Past As Prologue: A Seattle Police Bootlegging Racket Informs Lessons Of Modern Drug Cartels
NOTE: The following essay and its audio component are part of an ongoing series produced in conjunction with the Washington State University history department. The views and opinions expressed are solely those of the author.
BY KEN FAUNCE
Prohibition did not limit the demand of alcohol, and many people did not support it, including the police. On an early morning in March 1920, Seattle Police Lieutenant Roy Olmstead and Sergeant T.J. Clark met a crew of bootleggers loading a shipment of Canadian whiskey from Vancouver, B.C. for Seattle. Olmstead and Clark were not there to arrest the criminals, but to watch over the process, since they controlled the operation.

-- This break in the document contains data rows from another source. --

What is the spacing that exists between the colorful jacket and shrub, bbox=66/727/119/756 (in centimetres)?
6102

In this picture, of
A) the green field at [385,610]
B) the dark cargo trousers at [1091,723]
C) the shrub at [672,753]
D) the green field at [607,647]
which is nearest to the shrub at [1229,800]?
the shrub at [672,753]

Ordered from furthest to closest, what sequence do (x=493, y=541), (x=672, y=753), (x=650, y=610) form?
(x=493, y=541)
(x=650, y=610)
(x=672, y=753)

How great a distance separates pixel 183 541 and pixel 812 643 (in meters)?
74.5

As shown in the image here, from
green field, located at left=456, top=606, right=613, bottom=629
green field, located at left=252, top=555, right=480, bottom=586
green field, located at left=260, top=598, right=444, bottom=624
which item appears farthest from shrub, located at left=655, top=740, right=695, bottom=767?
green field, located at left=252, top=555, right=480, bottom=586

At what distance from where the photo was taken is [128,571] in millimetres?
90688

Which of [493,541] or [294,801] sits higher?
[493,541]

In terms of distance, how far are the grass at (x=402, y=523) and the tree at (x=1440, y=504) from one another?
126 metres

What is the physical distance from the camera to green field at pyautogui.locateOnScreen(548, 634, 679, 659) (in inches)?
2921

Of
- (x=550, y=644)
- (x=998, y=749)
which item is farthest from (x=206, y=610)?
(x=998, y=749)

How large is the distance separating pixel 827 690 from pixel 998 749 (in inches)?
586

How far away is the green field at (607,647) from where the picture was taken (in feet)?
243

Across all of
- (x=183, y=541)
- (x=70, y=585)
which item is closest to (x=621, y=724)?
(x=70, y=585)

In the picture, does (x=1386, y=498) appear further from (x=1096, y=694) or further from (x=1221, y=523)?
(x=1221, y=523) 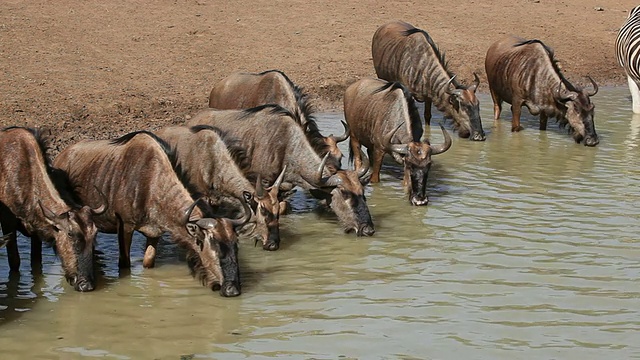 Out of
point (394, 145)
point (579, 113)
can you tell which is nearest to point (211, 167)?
point (394, 145)

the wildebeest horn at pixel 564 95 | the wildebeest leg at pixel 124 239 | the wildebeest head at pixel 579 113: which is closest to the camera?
the wildebeest leg at pixel 124 239

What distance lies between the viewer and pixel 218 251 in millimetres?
8695

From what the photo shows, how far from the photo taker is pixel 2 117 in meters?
14.1

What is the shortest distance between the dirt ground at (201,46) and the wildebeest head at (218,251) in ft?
17.7

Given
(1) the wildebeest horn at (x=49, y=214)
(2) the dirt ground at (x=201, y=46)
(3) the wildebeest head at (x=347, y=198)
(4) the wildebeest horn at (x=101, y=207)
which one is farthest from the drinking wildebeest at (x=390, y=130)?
(1) the wildebeest horn at (x=49, y=214)

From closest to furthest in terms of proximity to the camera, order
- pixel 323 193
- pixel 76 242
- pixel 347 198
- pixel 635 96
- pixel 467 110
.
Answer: pixel 76 242 < pixel 347 198 < pixel 323 193 < pixel 467 110 < pixel 635 96

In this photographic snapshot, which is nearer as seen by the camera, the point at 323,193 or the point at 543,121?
the point at 323,193

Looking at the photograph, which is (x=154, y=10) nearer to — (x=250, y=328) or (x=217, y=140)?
(x=217, y=140)

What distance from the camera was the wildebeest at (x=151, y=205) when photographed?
28.7ft

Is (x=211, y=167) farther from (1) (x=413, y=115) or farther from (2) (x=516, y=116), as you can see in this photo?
(2) (x=516, y=116)

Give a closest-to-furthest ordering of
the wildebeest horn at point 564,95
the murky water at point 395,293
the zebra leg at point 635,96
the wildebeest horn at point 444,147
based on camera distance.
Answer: the murky water at point 395,293 < the wildebeest horn at point 444,147 < the wildebeest horn at point 564,95 < the zebra leg at point 635,96

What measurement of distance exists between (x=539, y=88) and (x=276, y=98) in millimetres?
5448

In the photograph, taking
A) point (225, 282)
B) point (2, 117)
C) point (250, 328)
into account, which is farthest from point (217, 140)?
point (2, 117)

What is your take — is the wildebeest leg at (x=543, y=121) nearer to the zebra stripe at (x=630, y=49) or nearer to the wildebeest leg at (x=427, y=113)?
the wildebeest leg at (x=427, y=113) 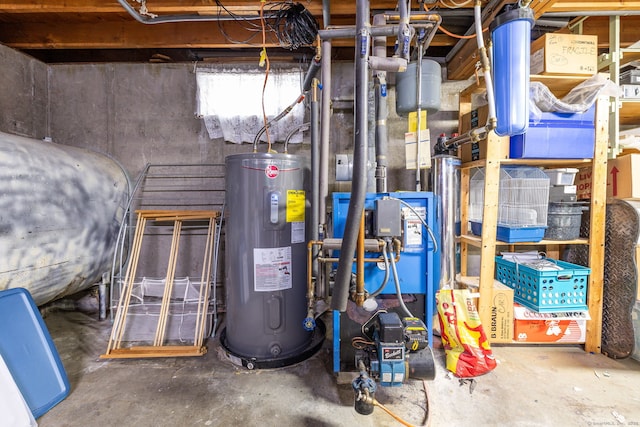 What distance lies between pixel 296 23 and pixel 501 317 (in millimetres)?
2327

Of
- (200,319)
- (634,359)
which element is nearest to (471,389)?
(634,359)

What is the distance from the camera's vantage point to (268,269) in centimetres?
169

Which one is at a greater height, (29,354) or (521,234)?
(521,234)

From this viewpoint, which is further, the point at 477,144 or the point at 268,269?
the point at 477,144

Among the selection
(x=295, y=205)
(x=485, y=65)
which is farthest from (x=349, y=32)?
(x=295, y=205)

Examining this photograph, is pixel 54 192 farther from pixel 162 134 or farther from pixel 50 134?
pixel 50 134

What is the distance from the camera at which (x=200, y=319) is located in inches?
83.4

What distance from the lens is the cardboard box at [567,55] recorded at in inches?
71.2

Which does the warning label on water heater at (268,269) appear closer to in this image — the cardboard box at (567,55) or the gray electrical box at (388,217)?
the gray electrical box at (388,217)

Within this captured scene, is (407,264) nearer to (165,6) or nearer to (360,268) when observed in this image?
(360,268)

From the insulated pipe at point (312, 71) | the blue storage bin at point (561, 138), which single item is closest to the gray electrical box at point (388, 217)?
the insulated pipe at point (312, 71)

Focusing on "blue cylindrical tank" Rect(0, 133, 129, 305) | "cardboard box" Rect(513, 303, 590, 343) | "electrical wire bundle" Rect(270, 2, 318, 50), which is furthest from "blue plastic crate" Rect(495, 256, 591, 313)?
"blue cylindrical tank" Rect(0, 133, 129, 305)

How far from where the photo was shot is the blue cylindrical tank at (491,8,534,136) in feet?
4.45

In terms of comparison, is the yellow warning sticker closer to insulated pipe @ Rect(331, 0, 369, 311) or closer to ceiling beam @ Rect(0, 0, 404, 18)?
insulated pipe @ Rect(331, 0, 369, 311) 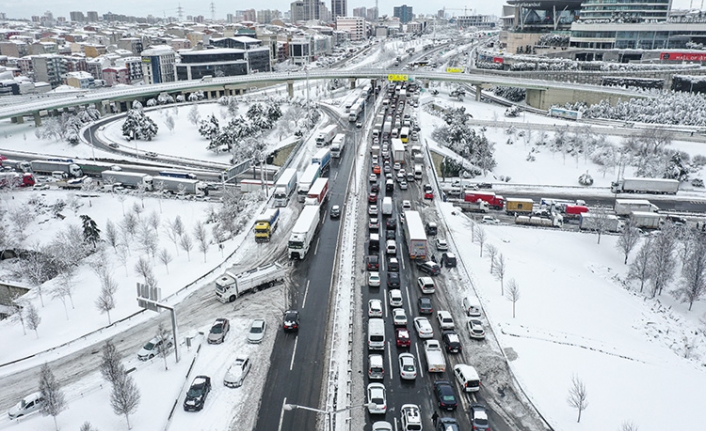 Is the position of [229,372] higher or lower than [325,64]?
lower

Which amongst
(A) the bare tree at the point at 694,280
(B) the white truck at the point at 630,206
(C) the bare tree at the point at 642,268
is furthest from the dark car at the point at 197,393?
(B) the white truck at the point at 630,206

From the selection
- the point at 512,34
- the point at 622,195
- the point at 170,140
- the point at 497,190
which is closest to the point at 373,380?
the point at 497,190

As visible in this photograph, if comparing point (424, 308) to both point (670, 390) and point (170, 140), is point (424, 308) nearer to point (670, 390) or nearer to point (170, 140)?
point (670, 390)

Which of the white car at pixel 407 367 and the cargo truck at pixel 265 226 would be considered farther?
the cargo truck at pixel 265 226

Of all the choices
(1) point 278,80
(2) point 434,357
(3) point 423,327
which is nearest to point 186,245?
(3) point 423,327

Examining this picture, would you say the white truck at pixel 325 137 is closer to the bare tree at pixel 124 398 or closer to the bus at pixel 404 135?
the bus at pixel 404 135

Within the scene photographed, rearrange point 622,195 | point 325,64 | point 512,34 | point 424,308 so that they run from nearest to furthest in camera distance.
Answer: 1. point 424,308
2. point 622,195
3. point 512,34
4. point 325,64
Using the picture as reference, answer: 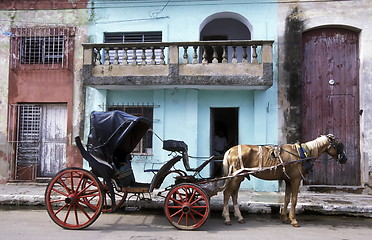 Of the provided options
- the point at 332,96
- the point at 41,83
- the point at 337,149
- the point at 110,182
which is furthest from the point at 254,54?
the point at 41,83

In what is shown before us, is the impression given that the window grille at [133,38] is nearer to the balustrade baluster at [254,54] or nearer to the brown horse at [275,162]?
the balustrade baluster at [254,54]

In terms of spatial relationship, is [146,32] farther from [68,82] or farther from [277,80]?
[277,80]

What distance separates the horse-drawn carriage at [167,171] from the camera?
522 cm

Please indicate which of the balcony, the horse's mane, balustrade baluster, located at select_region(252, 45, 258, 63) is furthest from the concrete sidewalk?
balustrade baluster, located at select_region(252, 45, 258, 63)

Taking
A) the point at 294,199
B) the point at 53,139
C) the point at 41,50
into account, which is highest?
the point at 41,50

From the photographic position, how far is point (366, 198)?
8156mm

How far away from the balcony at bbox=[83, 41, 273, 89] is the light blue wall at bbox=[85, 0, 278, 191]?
55 cm

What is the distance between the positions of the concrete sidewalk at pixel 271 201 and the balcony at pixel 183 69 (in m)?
2.95

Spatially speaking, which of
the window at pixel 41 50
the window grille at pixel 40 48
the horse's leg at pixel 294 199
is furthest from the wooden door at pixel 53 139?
the horse's leg at pixel 294 199

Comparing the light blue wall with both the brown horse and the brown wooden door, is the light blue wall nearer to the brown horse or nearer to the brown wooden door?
the brown wooden door

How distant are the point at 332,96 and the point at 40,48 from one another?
29.2 feet

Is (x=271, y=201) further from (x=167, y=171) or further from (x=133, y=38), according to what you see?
(x=133, y=38)

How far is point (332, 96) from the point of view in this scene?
907cm

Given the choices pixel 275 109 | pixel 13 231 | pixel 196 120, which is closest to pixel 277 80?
pixel 275 109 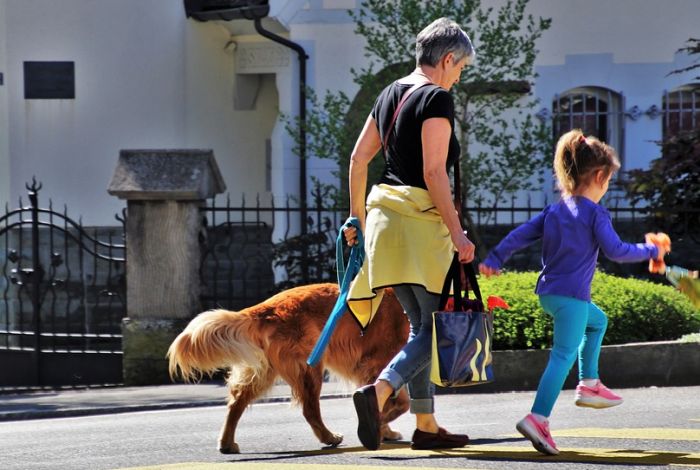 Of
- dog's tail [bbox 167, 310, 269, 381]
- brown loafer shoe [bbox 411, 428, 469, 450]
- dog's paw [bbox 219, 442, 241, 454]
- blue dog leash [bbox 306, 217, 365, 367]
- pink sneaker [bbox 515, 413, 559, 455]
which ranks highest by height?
blue dog leash [bbox 306, 217, 365, 367]

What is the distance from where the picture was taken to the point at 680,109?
63.8 ft

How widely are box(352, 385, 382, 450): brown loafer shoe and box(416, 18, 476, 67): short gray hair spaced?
5.16 feet

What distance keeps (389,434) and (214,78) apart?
14.0 meters

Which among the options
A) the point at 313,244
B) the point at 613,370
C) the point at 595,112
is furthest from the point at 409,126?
the point at 595,112

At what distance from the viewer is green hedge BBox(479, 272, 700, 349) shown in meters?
11.0

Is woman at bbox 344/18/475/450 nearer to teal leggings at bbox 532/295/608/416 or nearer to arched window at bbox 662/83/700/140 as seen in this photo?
teal leggings at bbox 532/295/608/416

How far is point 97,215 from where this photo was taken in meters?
20.4

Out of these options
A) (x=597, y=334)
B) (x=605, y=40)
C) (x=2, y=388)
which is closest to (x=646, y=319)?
(x=597, y=334)

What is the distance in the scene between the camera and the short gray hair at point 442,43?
692 cm

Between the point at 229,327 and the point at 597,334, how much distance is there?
186 cm

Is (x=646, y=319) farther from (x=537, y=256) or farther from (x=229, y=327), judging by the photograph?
(x=537, y=256)

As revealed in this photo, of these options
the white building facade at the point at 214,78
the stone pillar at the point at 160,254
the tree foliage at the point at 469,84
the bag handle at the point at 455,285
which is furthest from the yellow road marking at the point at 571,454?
the white building facade at the point at 214,78

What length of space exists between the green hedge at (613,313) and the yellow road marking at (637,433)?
2968mm

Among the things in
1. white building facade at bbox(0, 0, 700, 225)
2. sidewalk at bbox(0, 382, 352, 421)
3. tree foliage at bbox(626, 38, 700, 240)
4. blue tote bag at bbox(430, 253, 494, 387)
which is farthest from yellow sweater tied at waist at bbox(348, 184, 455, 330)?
white building facade at bbox(0, 0, 700, 225) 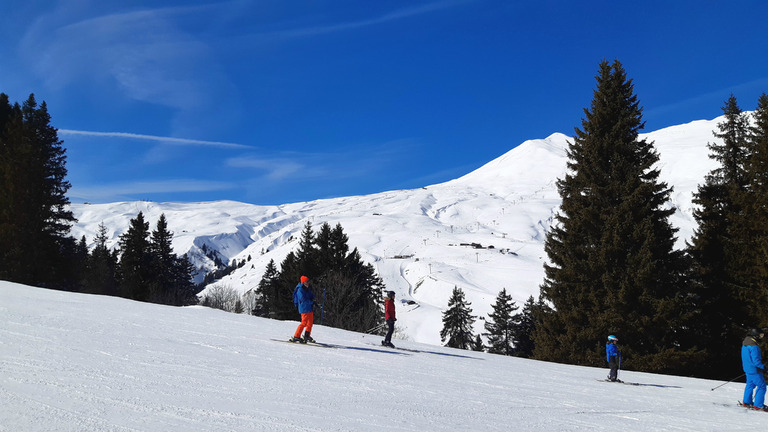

Federal prohibition agents seized the shipment and arrested Olmstead and his men, but the charges didn’t stick. Olmstead had been on the force for 13 years, being promoted to lieutenant at a young age. He had arrested several bootleggers since Washington had passed statewide prohibition in 1914. After national prohibition was enacted, Olmstead started to change his opinion on the new law, especially due to his lack of cash. He had watched other bootlegging operations as a police office, and felt he could do it better.
He arranged for a plentiful source of whiskey in Vancouver, B.C. for export. Olmstead gained access to trucks, boats and warehouses. He hired runners, mechanics, accountants and an attorney. He turned his bootlegging trade into a full-scale business and quickly earned the nickname “King of the Puget Sound Bootleggers.”
Olmstead’s operation became one of the largest employers in Western Washington by 1922. His operation grossed nearly a quarter-million dollars a month, almost $3 million in today’s money. Olmstead continued to expand his operation with shipments from Canada and a fleet of rum-running launches delivering loads all along Washington’s coast. The new plan allowed Olmstead to undercut competitors, driving many out of business in the Puget Sound area.
His wife, Elise Olmstead, started KFQX radio, the first station in Seattle. It was based out of their mansion. Her most popular program was a kid’s bedtime story show called “Aunt Vivian” in which Elise Olmstead slipped in coded messages for the liquor smuggling launches in transit on Puget Sound.
Local law enforcement didn’t seem to care about Olmstead’s practices until Bertha Landes became Seattle mayor in 1926 with a platform aimed at cleaning up the city. Up to then, many officials and officers benefitted one way or another. Federal authorities failed to catch Olmstead, due to lack of resources and his better financing.
Finally, in 1924, Olmstead and eight others were arrested on Thanksgiving Day and sentenced to four years in medium security federal prison, along with a hefty fine. While in prison he became a Christian Science minister. He was pardoned by Franklin D. Roosevelt in 1935 after Prohibition was ended by the 21st Amendment.
This brief account highlights the overall failure of alcohol prohibition and the rise of organized crime syndicates that profited from it. U.S. actions were observed by other countries, and our actions influenced their decisions regarding outlawing alcohol. Also, a global trade in alcohol tied to the illegal trade in the U.S. had a major influence on the global economy.
This vignette provides insight into the global trade in illegal drugs. Prohibition of certain drugs has given rise to a large international market and the rise of global drug syndicates. Outlawing these drugs has not stopped the increasing global spread and consumption.
We can learn from the failure of alcohol prohibition and its role in the rise of organized crime syndicates. There’s a similar pattern in the global “War on Drugs” and its outcome. International drug cartels continue to expand. We need to learn from our history to aid in dealing with our current drug crisis.